Fireteam Zero nasce da una campagna di kickstarter di particolare successo. Come spesso accade in questi casi, il contenuto è a dir poco opulento e il prezzo, per usare un eufemismo, è allineato alle dimensioni gigantesche della scatola. Le miniature sono l’elemento centrale del gioco: 39 mostri divisi in 3 set di minions (8), elite (4) e boss master (1) e la squadra Fireteam Zero, composta da 4 combattenti (i giocatori) e 2 scienziati. L’ultima pedina, classica “in-utility da crowdfunding”, è un combattente (il leader) in versione femminile. Le miniature sono di qualità medio-alta, con la classica ciliegina sulla torta rappresentata dalle pose di alcuni dei combattenti, che ricordano i vecchi “soldatini” della seconda guerra mondiale. Anche alcuni mostri richiamano figure e pose ormai classiche: dal videogioco “Doom” alle opere di Lovecraft, fino alla “doppia bocca” tipica degli Xenomorfi di Giger.

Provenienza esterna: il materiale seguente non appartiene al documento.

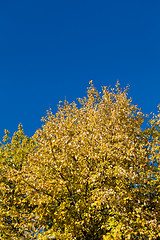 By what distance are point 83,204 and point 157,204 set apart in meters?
4.54

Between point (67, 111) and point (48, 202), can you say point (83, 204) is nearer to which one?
point (48, 202)

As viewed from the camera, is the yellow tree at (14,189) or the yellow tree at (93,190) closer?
the yellow tree at (93,190)

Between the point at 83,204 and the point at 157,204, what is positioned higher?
the point at 83,204

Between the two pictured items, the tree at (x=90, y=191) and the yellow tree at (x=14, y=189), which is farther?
the yellow tree at (x=14, y=189)

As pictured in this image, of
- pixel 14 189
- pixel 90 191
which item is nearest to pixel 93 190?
pixel 90 191

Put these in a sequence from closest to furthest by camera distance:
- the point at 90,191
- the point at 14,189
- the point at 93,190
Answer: the point at 93,190, the point at 90,191, the point at 14,189

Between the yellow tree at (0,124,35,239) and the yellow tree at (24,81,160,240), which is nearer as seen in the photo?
the yellow tree at (24,81,160,240)

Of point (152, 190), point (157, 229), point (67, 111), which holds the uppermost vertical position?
point (67, 111)

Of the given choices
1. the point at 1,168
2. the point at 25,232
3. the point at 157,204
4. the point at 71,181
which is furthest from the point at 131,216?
the point at 1,168

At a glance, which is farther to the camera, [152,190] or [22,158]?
[22,158]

Un turno di gioco consta di tre diverse fasi: nella fase tattica si determina il primo giocatore, uno degli eroi può giocare una carta tattica dalla propria mano (le carte tattica sono molto forti, ma diminuiscono la quantità di carte disponibili per l’eroe), e poi gli eroi possono pescare carte per reintegrare la propria mano.Subito dopo c’è la fase degli Eroi, in cui gli eroi si spostano e compiono un’azione tra le due disponibili (attaccare e cercare). L’attacco viene risolto giocando una o più carte dalla propria mano e poi tirando dei dadi speciali; la ricerca può essere effettuata solo in presenza di un segnalino specifico (spawn) e viene risolta pescando una carta da un apposito mazzo (recon) che va immediatamente giocata. La ricerca è fondamentale quanto l’attacco, perché molti degli obiettivi nel gioco richiedono di pescare una specifica carta del mazzo recon (quindi procedendo per tentativi) e risolverla. Infine, nella fase di Minaccia si fa avanzare l’indicatore di minaccia, e si attivano imostri presenti sulla mappa. L’indicatore di minaccia può causare la pesca di cartetwist, che aggiungono nuove regole alla partita; i mostri, invece, si “limitano” a tentare di distruggere gli eroi con i loro pericolosi attacchi. Quando un mostro colpisce un eroe, quest’ultimo è costretto a scartare una quantità di carte pari ai colpi subiti; se dovesse essere costretto a scartarne più di quante ne ha, allora andrebbe K.O. Appena un eroe va K.O., viene girato uno specifico indicatore, la Moneta Fortunata, in modo che mostri la faccia con la testa; ma se la moneta già mostra la testa quando un eroe va K.O., gli eroi perdono immediatamente la partita!